SQL Server – Check and Add Partition Values in Partition Function

azure-sql-databasepartitioningsql server

I have an azure sql db with a partitioned table with a partition function on varchar datatype.

In an Etl process I will get a list of partiton values as a parameter that i will the need to:

  • check partition function if the partition values exist, if not iterate through list of value and add to partition function.

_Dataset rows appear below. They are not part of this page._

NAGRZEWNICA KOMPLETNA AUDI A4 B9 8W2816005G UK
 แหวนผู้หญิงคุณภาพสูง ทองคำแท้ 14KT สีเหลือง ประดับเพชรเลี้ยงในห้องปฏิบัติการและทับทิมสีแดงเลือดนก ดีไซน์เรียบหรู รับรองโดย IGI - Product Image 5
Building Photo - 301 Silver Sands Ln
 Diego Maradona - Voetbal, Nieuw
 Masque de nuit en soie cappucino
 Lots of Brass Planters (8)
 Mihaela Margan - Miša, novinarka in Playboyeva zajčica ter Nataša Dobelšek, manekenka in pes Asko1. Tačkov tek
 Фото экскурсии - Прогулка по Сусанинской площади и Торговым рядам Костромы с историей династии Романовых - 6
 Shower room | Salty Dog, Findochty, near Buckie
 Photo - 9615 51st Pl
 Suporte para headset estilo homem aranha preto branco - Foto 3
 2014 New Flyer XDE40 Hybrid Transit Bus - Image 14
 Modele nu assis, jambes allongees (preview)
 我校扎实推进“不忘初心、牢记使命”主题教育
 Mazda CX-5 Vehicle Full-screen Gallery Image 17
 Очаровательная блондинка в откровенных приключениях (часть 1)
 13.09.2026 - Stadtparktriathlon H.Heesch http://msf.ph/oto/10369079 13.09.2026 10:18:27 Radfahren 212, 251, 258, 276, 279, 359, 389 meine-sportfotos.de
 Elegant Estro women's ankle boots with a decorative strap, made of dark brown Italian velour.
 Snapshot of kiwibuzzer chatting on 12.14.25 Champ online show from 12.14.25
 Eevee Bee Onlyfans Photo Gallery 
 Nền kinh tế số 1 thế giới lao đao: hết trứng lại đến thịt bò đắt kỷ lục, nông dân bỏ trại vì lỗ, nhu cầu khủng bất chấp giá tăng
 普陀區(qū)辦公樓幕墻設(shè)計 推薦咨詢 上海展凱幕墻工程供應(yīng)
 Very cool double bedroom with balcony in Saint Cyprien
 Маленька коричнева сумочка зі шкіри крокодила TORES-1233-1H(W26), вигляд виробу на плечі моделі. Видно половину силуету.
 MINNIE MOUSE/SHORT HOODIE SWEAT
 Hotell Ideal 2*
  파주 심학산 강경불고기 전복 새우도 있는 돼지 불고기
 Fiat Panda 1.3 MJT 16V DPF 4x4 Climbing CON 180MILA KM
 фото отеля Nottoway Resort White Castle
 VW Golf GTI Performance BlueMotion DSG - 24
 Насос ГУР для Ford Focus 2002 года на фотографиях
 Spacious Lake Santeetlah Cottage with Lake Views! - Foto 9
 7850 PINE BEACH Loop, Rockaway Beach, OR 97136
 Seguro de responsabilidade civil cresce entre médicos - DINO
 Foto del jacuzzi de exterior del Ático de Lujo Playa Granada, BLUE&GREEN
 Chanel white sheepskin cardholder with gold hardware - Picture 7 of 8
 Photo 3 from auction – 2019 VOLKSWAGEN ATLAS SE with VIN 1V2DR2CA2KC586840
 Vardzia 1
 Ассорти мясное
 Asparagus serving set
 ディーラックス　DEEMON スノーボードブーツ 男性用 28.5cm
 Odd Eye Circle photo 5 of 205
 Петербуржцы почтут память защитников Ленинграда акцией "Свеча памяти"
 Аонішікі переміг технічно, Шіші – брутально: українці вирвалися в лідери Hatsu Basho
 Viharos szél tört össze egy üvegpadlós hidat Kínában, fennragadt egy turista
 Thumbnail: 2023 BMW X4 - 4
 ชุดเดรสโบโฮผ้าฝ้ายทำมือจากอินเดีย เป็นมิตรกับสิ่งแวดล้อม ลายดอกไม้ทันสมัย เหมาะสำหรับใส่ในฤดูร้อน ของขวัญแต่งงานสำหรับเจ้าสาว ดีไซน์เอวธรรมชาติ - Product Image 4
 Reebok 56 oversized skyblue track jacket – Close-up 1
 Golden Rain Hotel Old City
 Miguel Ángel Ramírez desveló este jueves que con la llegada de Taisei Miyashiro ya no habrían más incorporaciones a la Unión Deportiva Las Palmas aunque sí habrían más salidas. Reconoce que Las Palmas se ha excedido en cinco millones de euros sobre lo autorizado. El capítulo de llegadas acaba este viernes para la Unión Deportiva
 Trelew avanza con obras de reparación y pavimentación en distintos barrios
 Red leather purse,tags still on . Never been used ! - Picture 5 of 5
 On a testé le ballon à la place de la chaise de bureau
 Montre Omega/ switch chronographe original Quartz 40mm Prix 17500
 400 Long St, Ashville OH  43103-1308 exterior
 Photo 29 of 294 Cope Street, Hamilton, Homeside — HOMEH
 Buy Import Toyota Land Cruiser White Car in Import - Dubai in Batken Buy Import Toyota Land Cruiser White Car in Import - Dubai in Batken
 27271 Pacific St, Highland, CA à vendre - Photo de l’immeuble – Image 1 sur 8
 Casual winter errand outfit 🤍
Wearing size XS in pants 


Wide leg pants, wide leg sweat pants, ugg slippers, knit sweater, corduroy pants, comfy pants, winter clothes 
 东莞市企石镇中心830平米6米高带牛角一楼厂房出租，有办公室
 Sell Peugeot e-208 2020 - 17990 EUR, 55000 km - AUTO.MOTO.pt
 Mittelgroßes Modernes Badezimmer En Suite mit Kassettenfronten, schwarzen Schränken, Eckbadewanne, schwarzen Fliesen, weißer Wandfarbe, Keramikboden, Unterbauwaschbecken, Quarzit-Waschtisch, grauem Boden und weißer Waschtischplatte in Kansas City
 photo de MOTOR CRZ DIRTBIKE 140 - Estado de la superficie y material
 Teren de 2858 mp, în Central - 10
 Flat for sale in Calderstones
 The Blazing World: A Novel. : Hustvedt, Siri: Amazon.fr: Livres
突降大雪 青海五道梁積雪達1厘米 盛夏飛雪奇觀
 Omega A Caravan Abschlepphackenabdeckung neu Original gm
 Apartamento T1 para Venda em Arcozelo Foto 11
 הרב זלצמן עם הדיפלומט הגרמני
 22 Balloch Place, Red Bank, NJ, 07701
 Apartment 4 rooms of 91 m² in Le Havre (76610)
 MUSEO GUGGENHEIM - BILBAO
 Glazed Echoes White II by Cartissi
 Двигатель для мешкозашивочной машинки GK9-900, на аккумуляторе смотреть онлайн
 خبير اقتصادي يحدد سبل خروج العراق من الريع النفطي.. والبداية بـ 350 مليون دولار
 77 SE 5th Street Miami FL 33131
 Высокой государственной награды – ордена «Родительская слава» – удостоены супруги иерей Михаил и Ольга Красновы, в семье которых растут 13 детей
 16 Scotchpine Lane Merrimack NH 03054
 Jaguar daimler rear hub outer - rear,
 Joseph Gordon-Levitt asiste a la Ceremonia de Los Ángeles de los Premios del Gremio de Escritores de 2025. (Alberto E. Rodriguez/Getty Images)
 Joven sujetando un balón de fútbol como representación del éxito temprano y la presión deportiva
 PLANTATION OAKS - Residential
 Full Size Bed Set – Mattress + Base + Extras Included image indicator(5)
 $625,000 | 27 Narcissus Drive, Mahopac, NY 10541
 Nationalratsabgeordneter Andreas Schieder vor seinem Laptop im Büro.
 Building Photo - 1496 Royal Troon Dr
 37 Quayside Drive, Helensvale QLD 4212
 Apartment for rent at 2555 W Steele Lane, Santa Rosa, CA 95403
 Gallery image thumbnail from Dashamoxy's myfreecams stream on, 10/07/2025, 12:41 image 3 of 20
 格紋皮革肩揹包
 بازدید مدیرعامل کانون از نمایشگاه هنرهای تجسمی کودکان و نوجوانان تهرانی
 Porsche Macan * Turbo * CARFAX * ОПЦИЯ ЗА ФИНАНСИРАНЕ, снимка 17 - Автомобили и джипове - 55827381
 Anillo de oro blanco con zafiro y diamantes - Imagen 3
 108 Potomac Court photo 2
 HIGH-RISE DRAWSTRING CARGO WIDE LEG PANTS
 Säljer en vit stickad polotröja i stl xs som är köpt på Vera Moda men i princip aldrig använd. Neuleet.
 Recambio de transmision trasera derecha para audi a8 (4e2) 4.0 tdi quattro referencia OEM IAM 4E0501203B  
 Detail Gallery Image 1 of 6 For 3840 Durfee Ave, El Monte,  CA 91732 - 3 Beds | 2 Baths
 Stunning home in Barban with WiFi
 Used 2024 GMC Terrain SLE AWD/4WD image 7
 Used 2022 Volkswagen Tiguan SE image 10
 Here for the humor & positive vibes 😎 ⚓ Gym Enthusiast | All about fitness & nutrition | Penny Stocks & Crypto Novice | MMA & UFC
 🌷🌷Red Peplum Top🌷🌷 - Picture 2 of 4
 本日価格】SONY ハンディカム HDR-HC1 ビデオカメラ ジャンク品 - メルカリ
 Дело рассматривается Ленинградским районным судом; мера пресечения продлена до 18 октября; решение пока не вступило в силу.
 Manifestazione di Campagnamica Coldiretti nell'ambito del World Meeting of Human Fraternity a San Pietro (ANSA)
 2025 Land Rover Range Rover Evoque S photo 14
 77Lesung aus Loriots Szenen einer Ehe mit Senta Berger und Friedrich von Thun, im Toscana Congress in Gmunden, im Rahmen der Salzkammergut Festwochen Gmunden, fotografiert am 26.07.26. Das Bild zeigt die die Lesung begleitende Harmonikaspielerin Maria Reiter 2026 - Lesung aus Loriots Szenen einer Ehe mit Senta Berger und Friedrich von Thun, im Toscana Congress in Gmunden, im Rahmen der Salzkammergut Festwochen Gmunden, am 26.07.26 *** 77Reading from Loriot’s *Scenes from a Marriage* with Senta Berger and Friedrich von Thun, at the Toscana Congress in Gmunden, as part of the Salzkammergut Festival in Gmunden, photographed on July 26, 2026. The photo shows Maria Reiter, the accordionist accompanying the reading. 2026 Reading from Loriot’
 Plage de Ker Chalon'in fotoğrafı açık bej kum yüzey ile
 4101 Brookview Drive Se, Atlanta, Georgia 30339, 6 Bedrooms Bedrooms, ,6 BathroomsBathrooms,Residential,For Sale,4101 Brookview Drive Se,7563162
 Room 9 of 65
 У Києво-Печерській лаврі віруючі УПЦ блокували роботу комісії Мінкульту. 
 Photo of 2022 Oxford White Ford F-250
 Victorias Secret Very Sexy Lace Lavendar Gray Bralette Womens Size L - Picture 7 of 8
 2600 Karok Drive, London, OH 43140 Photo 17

  • for the list of partition values that is supplied as a parameter, iterate through the $partition function to get the partitionids into a new variable as a comma seperated list

  • truncate the partitioned table with the command: truncate parttable with partitions (@newvariable)

What I got so far in code is:

-- Table, Partition Function, Partition Scheme

CREATE PARTITION FUNCTION PF_TEXT(varchar(20)) AS RANGE RIGHT FOR VALUES ('A', 'B', 'C', 'D', 'E')

CREATE PARTITION SCHEME PS_TEXT AS PARTITION PF_TEXT ALL TO ([PRIMARY])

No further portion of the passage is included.